More precisely, putting it in Bible language, he was the Son of God, or, as Christian theology regularly expresses it, God the Son. The Son, note, not a Son: as the Apostle John says four times in the first three chapters of his Gospel, in order to make quite sure that his readers understand the uniqueness of Jesus, He was the only begotten or one and only Son of God (see John 1:14, 18; 3:16, 18).

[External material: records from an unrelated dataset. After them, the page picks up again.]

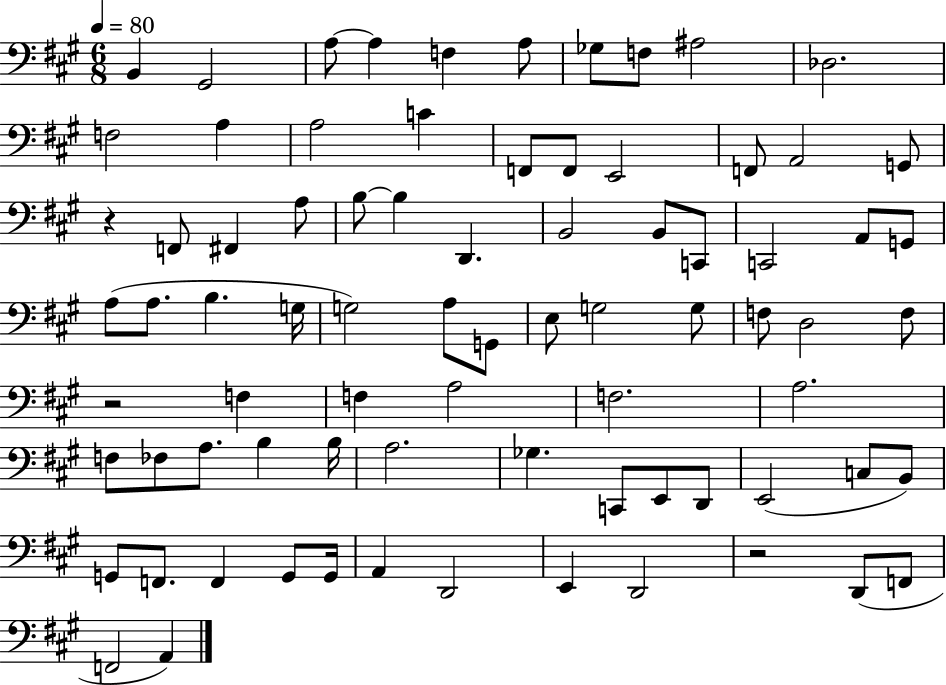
X:1
T:Untitled
M:6/8
L:1/4
K:A
B,, ^G,,2 A,/2 A, F, A,/2 _G,/2 F,/2 ^A,2 _D,2 F,2 A, A,2 C F,,/2 F,,/2 E,,2 F,,/2 A,,2 G,,/2 z F,,/2 ^F,, A,/2 B,/2 B, D,, B,,2 B,,/2 C,,/2 C,,2 A,,/2 G,,/2 A,/2 A,/2 B, G,/4 G,2 A,/2 G,,/2 E,/2 G,2 G,/2 F,/2 D,2 F,/2 z2 F, F, A,2 F,2 A,2 F,/2 _F,/2 A,/2 B, B,/4 A,2 _G, C,,/2 E,,/2 D,,/2 E,,2 C,/2 B,,/2 G,,/2 F,,/2 F,, G,,/2 G,,/4 A,, D,,2 E,, D,,2 z2 D,,/2 F,,/2 F,,2 A,, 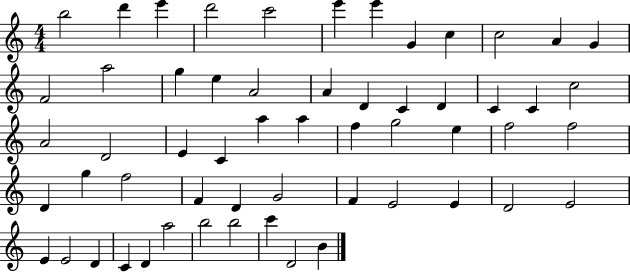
{
  \clef treble
  \numericTimeSignature
  \time 4/4
  \key c \major
  b''2 d'''4 e'''4 | d'''2 c'''2 | e'''4 e'''4 g'4 c''4 | c''2 a'4 g'4 | \break f'2 a''2 | g''4 e''4 a'2 | a'4 d'4 c'4 d'4 | c'4 c'4 c''2 | \break a'2 d'2 | e'4 c'4 a''4 a''4 | f''4 g''2 e''4 | f''2 f''2 | \break d'4 g''4 f''2 | f'4 d'4 g'2 | f'4 e'2 e'4 | d'2 e'2 | \break e'4 e'2 d'4 | c'4 d'4 a''2 | b''2 b''2 | c'''4 d'2 b'4 | \break \bar "|."
} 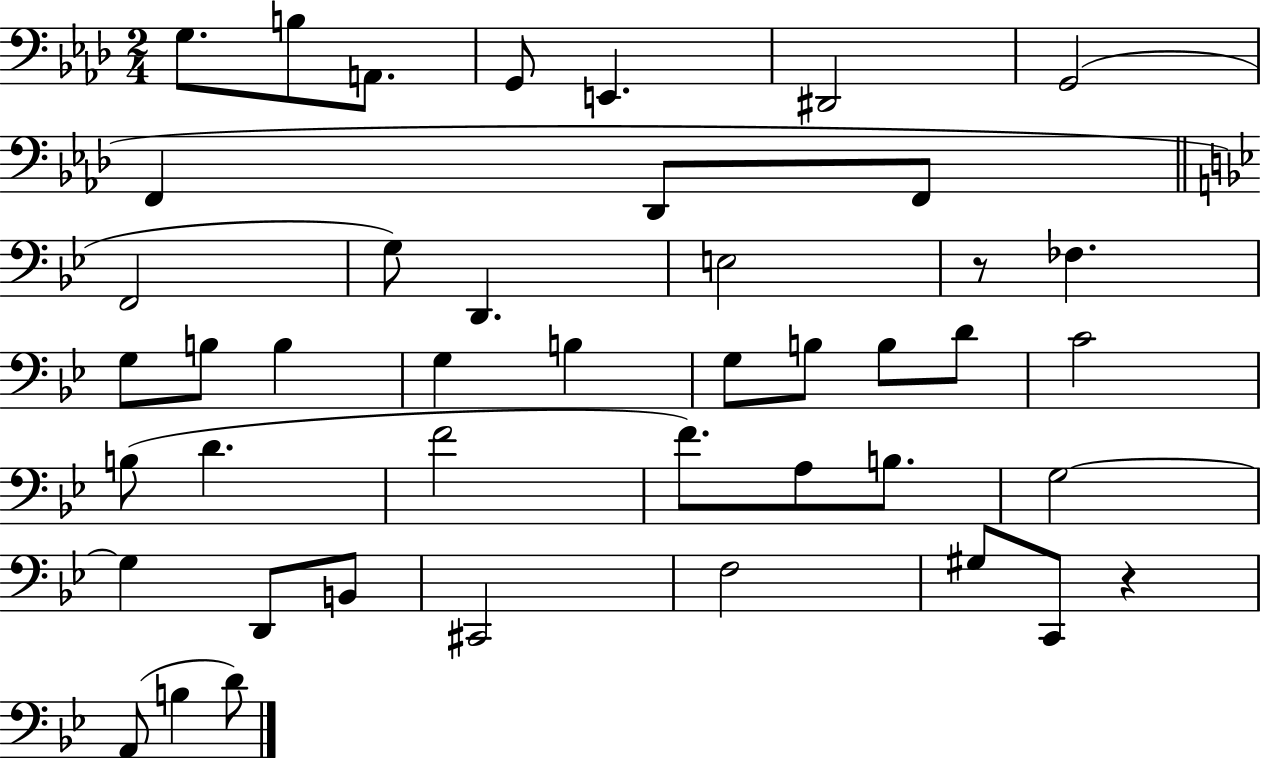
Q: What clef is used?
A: bass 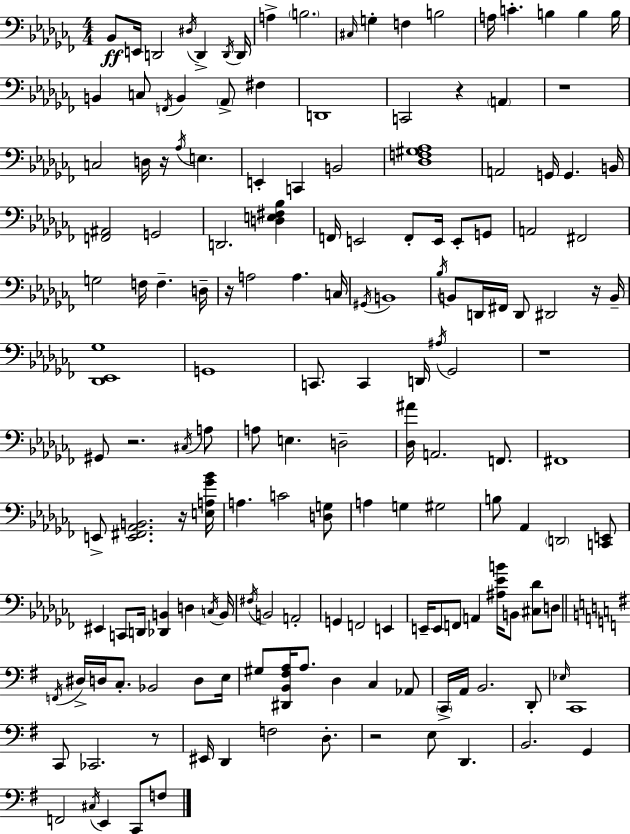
{
  \clef bass
  \numericTimeSignature
  \time 4/4
  \key aes \minor
  bes,8\ff e,16 d,2 \acciaccatura { dis16 } d,4-> | \acciaccatura { d,16 } d,16 a4-> \parenthesize b2. | \grace { cis16 } g4-. f4 b2 | a16 c'4.-. b4 b4 | \break b16 b,4 c8 \acciaccatura { f,16 } b,4 \parenthesize aes,8-> | fis4 d,1 | c,2 r4 | \parenthesize a,4 r1 | \break c2 d16 r16 \acciaccatura { aes16 } e4. | e,4-. c,4 b,2 | <des f gis aes>1 | a,2 g,16 g,4. | \break b,16 <f, ais,>2 g,2 | d,2. | <d e fis bes>4 f,16 e,2 f,8-. | e,16 e,8-. g,8 a,2 fis,2 | \break g2 f16 f4.-- | d16-- r16 a2 a4. | c16 \acciaccatura { gis,16 } b,1 | \acciaccatura { bes16 } b,8 d,16 fis,16 d,8 dis,2 | \break r16 b,16-- <des, ees, ges>1 | g,1 | c,8. c,4 d,16 \acciaccatura { ais16 } | ges,2 r1 | \break gis,8 r2. | \acciaccatura { cis16 } a8 a8 e4. | d2-- <des ais'>16 a,2. | f,8. fis,1 | \break e,8-> <e, fis, aes, b,>2. | r16 <e a ges' bes'>16 a4. c'2 | <d g>8 a4 g4 | gis2 b8 aes,4 \parenthesize d,2 | \break <c, e,>8 eis,4 c,8 d,16 | <des, b,>4 d4 \acciaccatura { c16 } b,16 \acciaccatura { fis16 } b,2 | a,2-. g,4 f,2 | e,4 e,16-- e,8 f,8 | \break a,4 <ais ees' b'>16 b,8 <cis des'>8 d8 \bar "||" \break \key g \major \acciaccatura { f,16 } dis16-> d16 c8.-. bes,2 d8 | e16 gis8 <dis, b, fis a>16 a8. d4 c4 aes,8 | \parenthesize c,16-> a,16 b,2. d,8-. | \grace { ees16 } c,1 | \break c,8 ces,2. | r8 eis,16 d,4 f2 d8.-. | r2 e8 d,4. | b,2. g,4 | \break f,2 \acciaccatura { cis16 } e,4 c,8 | f8 \bar "|."
} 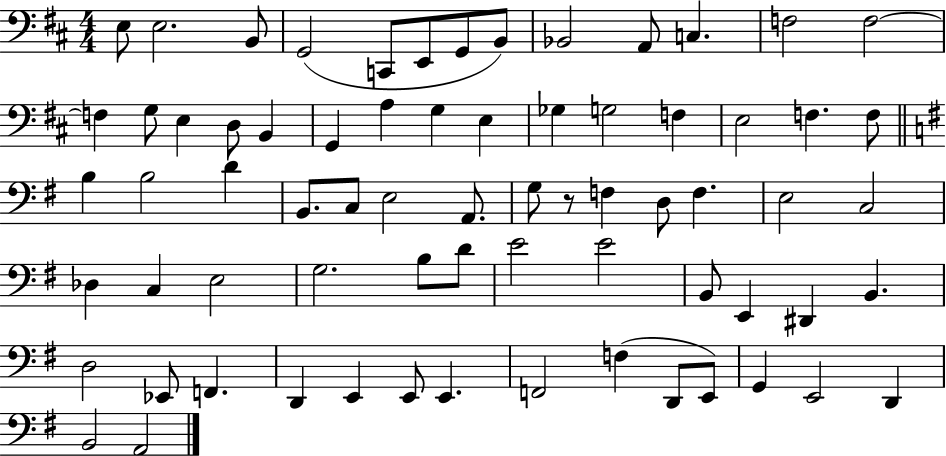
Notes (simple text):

E3/e E3/h. B2/e G2/h C2/e E2/e G2/e B2/e Bb2/h A2/e C3/q. F3/h F3/h F3/q G3/e E3/q D3/e B2/q G2/q A3/q G3/q E3/q Gb3/q G3/h F3/q E3/h F3/q. F3/e B3/q B3/h D4/q B2/e. C3/e E3/h A2/e. G3/e R/e F3/q D3/e F3/q. E3/h C3/h Db3/q C3/q E3/h G3/h. B3/e D4/e E4/h E4/h B2/e E2/q D#2/q B2/q. D3/h Eb2/e F2/q. D2/q E2/q E2/e E2/q. F2/h F3/q D2/e E2/e G2/q E2/h D2/q B2/h A2/h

John wanted to make it clear from the outset that the Sonship which Jesus claimed, and which Christians ascribed to Him, was precisely a matter of personal deity and nothing less. Hence his famous prologue (John 1:1-18). The Church of England reads it annually as the Gospel lesson for Christmas Day, and rightly so. Nowhere else in the New Testament is the nature and meaning of Jesus’ divine Sonship so clearly explained as here.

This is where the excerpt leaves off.